Tuesday, January 26, 2016

Filmnya Kapan, Lagu-lagunya Jadul Banget



http://asianwiki.com/images/6/6c/Miracle-_Devil_Claus'_Love_and_Magic-p1.jpg
Miracle: Devil Claus’ Love and Magic (2014), udah nunjukin film ini tentang apa, keajaiban sebuah imajinasi, selebihnya film ini nggak jauh-jauh dari soal cinta. Cukup saya kasih tahu urutan nama-nama pemainnya, udah keliatan seperti apa ceritanya, tanpa perlu SPOILER!  
Sedari awal, saya lebih antusias menikmati lagu pengiring cerita, pilihan supervisor film, bukan lagu-lagu Jepang, melainkan lagu-lagu  bule tempo laloe: Cherish dari Association (1966), Beautiful Morning dari Rascals (1967), My and Only Love (1952), yang sudah dinyanyikan segambreng penyanyi, termasuk Sting, Ella Fitzgerald, dan Frank Sinatra.
Banyak memang, tapi belum semua. Masih ada Some Kind of Wonderful (1961) dari the Drifter, I Love How You Love Me dari Paris Sister (1961), dan hingga Gimme some Lovin (1966), dari Spencer Davis Group.   Pilihan menarik dan tidak mengejutkan dari supervisor musiknya, Tatsuro Yamashita. Konon yang saya sebut paling belakang jadi lagu favorit Yamashita, lagu yang sudah diakrabi Yamashita sedari remaja, bahkan lagu sebelumnya dinikmatinya, mungkin sedari bocah. Sedang dua lagu sebelumnya jadi lagu favorit saya, termasuk Some Kind Wonderful, yang dalam film ini dibawakan Carol King.  
Menariknya lagu ini terasa pas, untuk mengisi relung-relung film yang terbilang baru, mengiringi polah bocah dalam film ini, klasik dan tetap berkesan ceria. Mungkin itulah yang membuat saya jatuh cinta, walaupun baru kali ini, saya mendengar barisan lirik dan alunan nadanya. I love how you love me terasa ringan lantaran tercipta di suasana santai,  ketika Larry Kolber tengah menikmati hidangan makan siangnya, bahkan liriknya ditulis hanya di selembar serbet makan. Lirik terasa hidup setelah mendapatkan iringan indah dari Barry Man.
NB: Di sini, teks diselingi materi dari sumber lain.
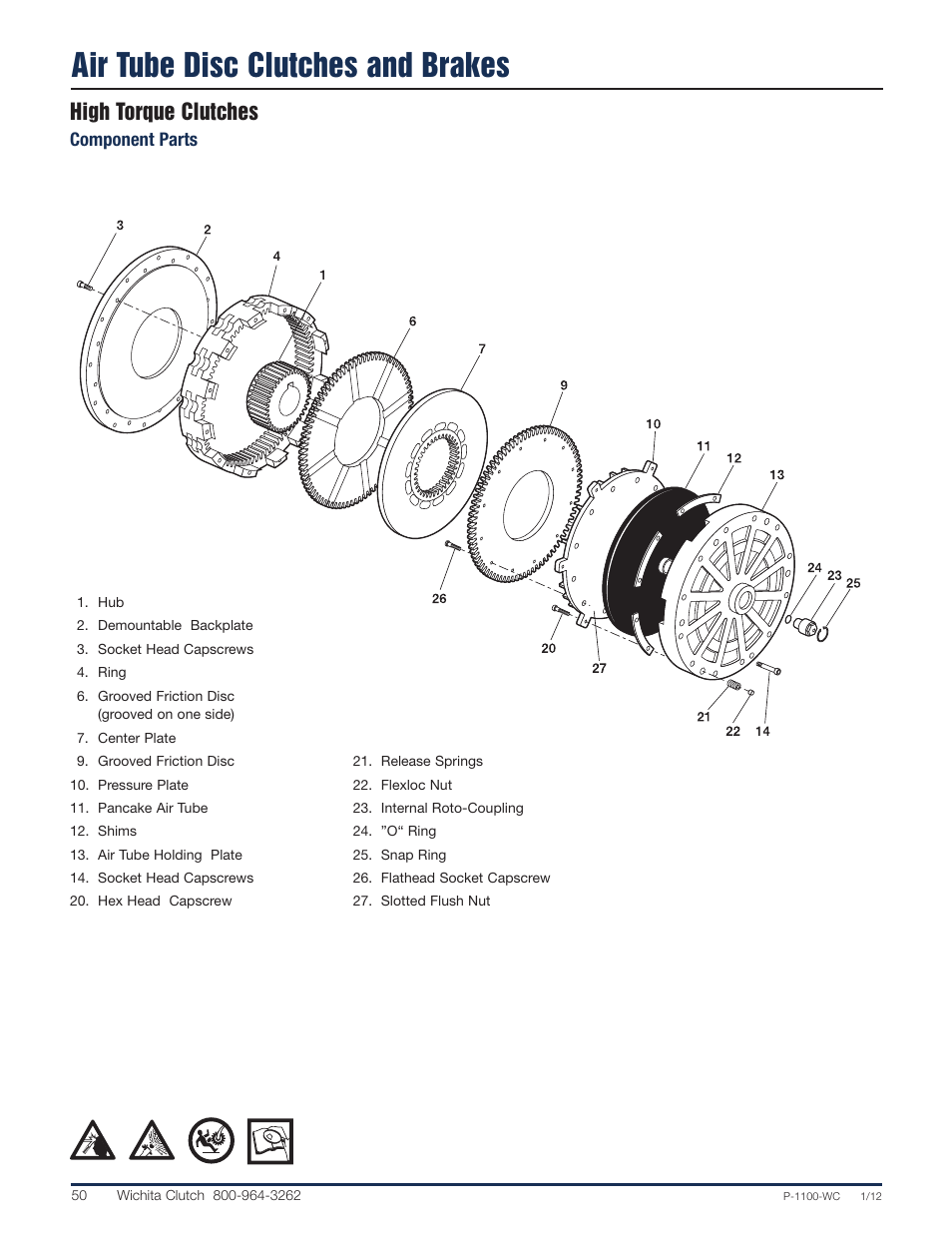 Air tube disc clutches and brakes, High torque clutches | Wichita Clutch Low Inertia (LI) High Torque Clutch User Manual | Page 7 / 14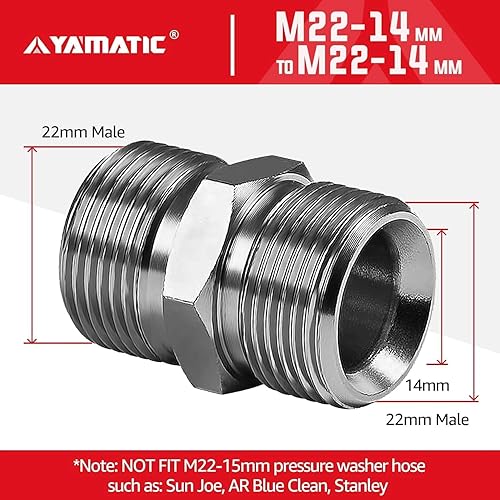 Miniatura 9 de YAMATIC Conector de manguera para lavadora a presión, acoplador macho doble M22-0.551 in de latón macizo, adaptador de extensión de manguera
Alunan suara Paris Sister dalam film ini serasa serasi dengan lantunan merdu Carole King.  Tak heran, hanya perlu petik gitar untuk mengiring melodinya. Pilihan tepat lantaran alunan Priscilla Paris di sini sama-sama halus, walaupun jika di dengar dari ketukannya, the drifter membawakannya dengan lebih rancak.  
Mendengar Carole King  menyanyikan Some Kind Wonderful terus terang membuat saya mengira kalau King hanya piawai memainkan nada-nada merdu,  Tapi melihatnya menyanyikan lagu Beautiful, saya malah mengira King sepantaran dengan Alanis Morisette atau minimal generasi 2-3 tahun di bawahnya, lantaran tarikan nadanya masih terasa kekinian, di bagian catchy-nya, termasuk kala King membawakan It’s too late (1971). Interpretasinya terasa klasik ketika kembali menyanyikan lagu bernuansa manis seperti You’ve got a friend dan Natural Woman, lagu-lagu sepanjang masa (baca : tuwa #eh).  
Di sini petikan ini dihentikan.